== Try it ==
Transcribe, word for word, only the lines from the one containing "Cambiar Batería Apple" through the end of the material below. Pictures stay out.
* * * * *
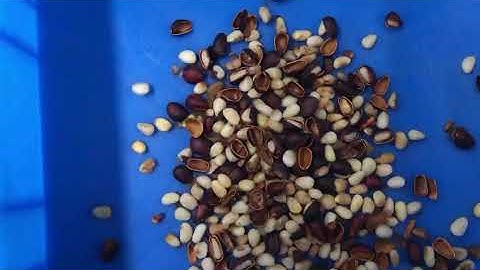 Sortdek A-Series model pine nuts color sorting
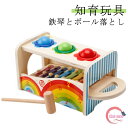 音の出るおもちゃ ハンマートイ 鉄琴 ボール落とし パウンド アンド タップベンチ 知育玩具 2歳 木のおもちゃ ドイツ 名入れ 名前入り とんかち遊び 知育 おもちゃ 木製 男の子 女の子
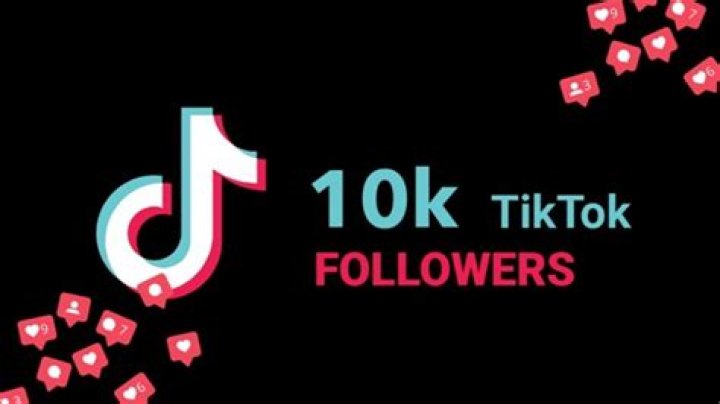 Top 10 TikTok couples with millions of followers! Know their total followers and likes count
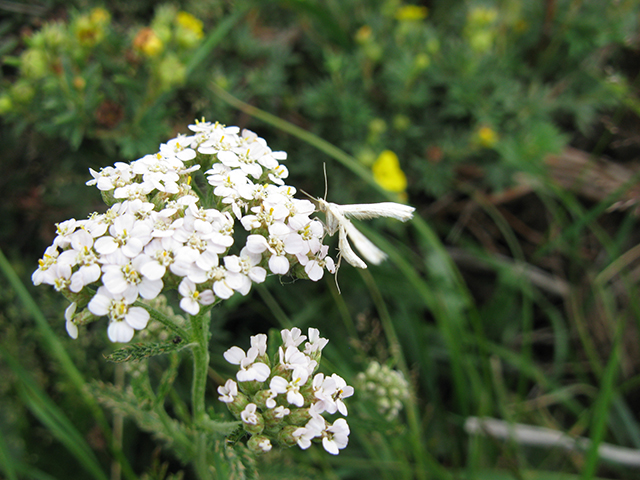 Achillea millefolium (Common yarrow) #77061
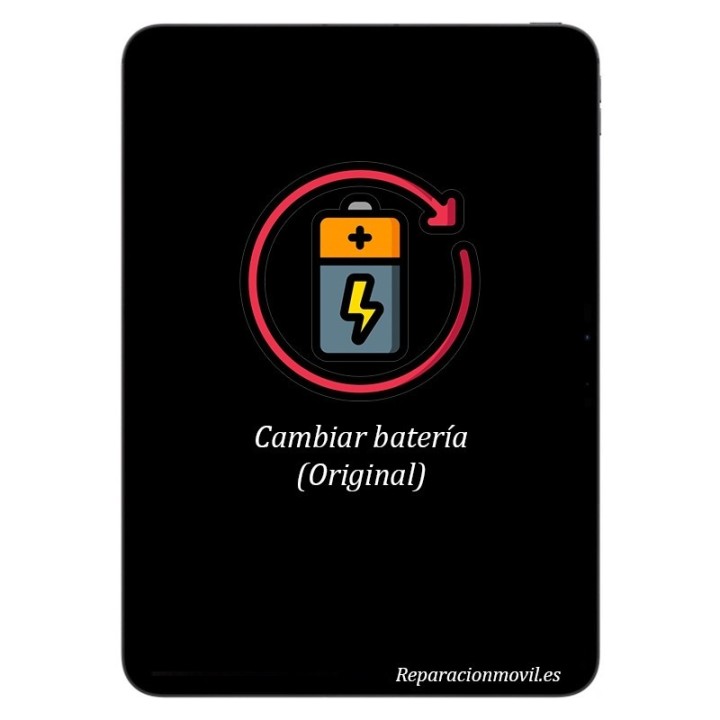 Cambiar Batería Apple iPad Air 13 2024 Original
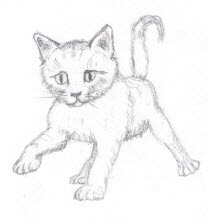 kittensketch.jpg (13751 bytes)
* * * * *
== Task result ==
 Cambiar Batería Apple iPad Air 13 2024 Original
 kittensketch.jpg (13751 bytes)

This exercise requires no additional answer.